Not against being able to modify VETH_RING_SIZE, but I don't think it is
the solution here.

The simply solution is the configure BQL limit_min:
  `/sys/class/net/<dev>/queues/tx-N/byte_queue_limits/limit_min`

My experiments (below) find that limit_min=8 is gives good performance.
We can simply set default to 8 as this still allows userspace to change
this later if lower latency is preferred.

>>> Thanks!
>>>
>>> [1] Link: https://lore.kernel.org/netdev/e8cdba04-aa9a-45c6-9807-8274b62920df@tu-dortmund.de/
 >>
>> In the above discussion a 20% regression is reported, which IMHO can't
>> be ignored. Still the tput figures in the data are extremely low,
>> something is possibly off?!? I would expect a few Mpps with pktgen on
>> top of veth, while the reported data is ~20-30Kpps.
>>
>> /P
>>
> 
> The ~20-30Kpps occur when thousands of iptables rules are applied and
> an UDP userspace application is sending.
> 
> And there is a 20% pktgen regression (no iptables rules applied).
> 

The pktgen test is a little dubious/weird and Jonas had to modify pktgen
to test this.   John Fastabend added a config to pktgen that allows us
to benchmarking egress qdisc path, this might be better to use this.
The samples/pktgen/pktgen_bench_xmit_mode_queue_xmit.sh is a demo usage.

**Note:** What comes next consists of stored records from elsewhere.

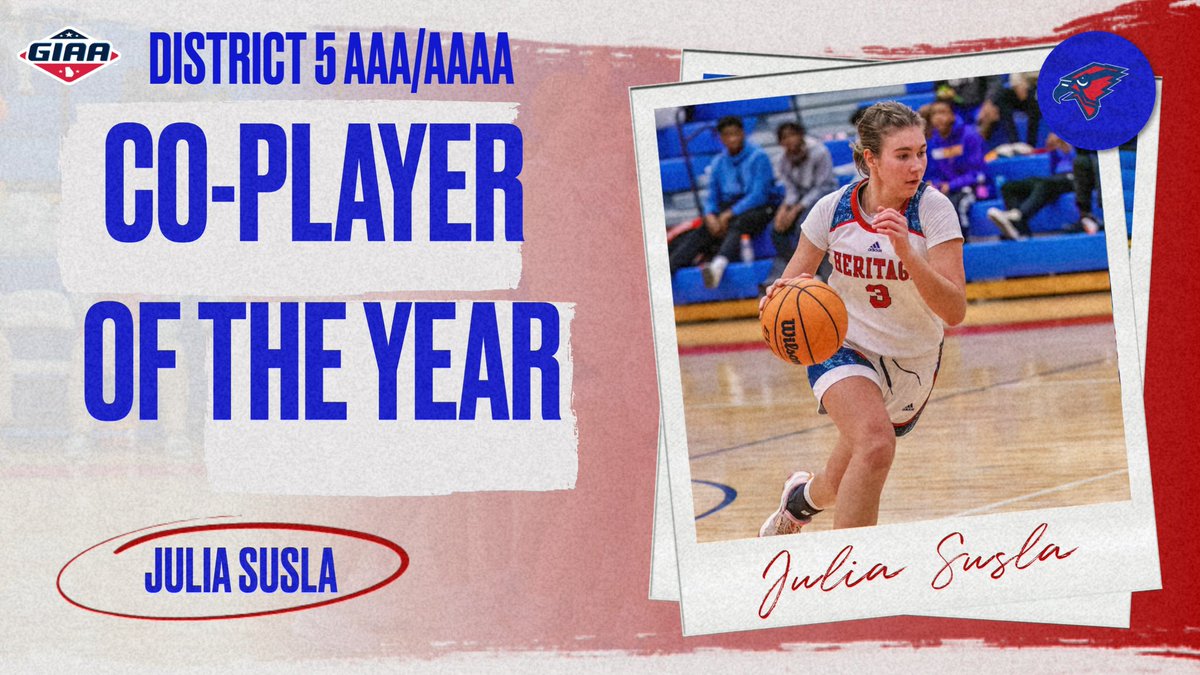 Congrats to our Senior guard Julia Susla for her selection to GIAA District 5 AAA/AAAA All-Region team &amp; Co-Player of the Year honors‼️🔵🔴⚪️🏀

#TogetherFearless #ATTITUDE

<a href="/THS_HawksWBB/">THS Lady Hawks 🏀 (Newnan)</a> <a href="/THS_HawksSports/">Heritage Athletics</a> <a href="/NTHSports/">NTH Sports</a> @CowetaSB47  <a href="/KyleSandy355/">Kyle Sandy</a> <a href="/PGH_Georgia/">Prep Girls Hoops Georgia</a> @THS0824 <a href="/CoachACooley/">Coach A.C. Cooley</a>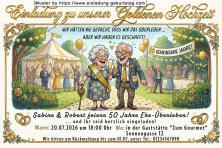 Einladung Goldene Hochzeit lustig - das entspannte Paar Hand in Hand freut sich auf die Goldene Hochzeitsfeier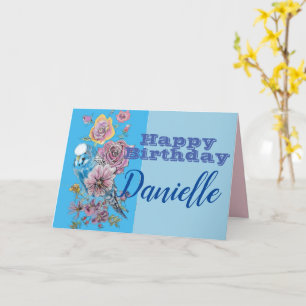 Carte d'anniversaire de la rose d'aquarelle Blue B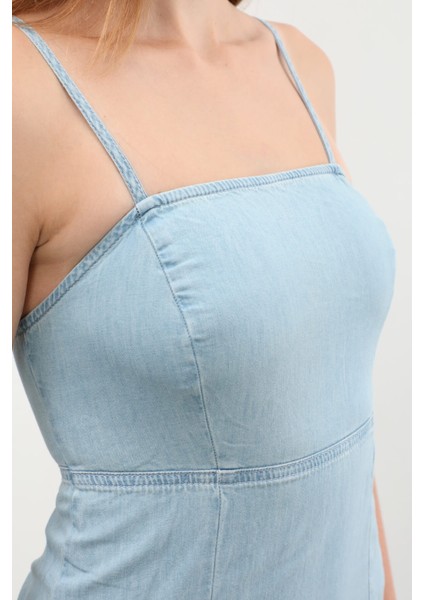 Ince Askılı Yırtmaçlı Jean Elbise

If redoing the tests, can you adjust limit_min to see the effect?
  /sys/class/net/<dev>/queues/tx-N/byte_queue_limits/limit_min

20% throughput performance regression is of-cause too much, but I will
remind us, that adding a qdisc will "cost" some overhead, that is a
configuration choice.  Our purpose here is to reduce bufferbloat and
latency, not optimize for throughput.


> I am pretty sure the reason is because the BQL limit is stuck at 2
> packets (because the completed queue is always called with 1 packet
> and not in a interrupt/timer with multiple packets...).
> 

I've run a lot of experiments, which I made AI write a report over, see 
attachment.  The TL;DR is that best performance vs latency tradeoff is 
defaulting BQL/DQL limit_min to be 8 packets.

I fear this patchset will stall forever, if we keep searching for a 
perfect solution without any overhead.  The qdisc layer will be a 
baseline overhead.  The limit=2 packets is actually the optimal 
darkbuffer queue size, but I acknowledge that this causes too many qdisc 
requeue events (leading to overhead).  I suggest that I add another 
patch in V6, that defaults limit_min to 8 (separate patch to make it 
easier to revert/adjust later).

I've talked with Jonas, and we want to experiment with different 
solutions to make BQL/DQL work better with virtual devices.

This patchset helps our (production) use-case reduce mice-flow latency
from approx 22ms to 1.3ms for latency under-load.  Due to the consumer
namespace being the bottleneck the requeue overhead is negligible in
comparison.

-Jesper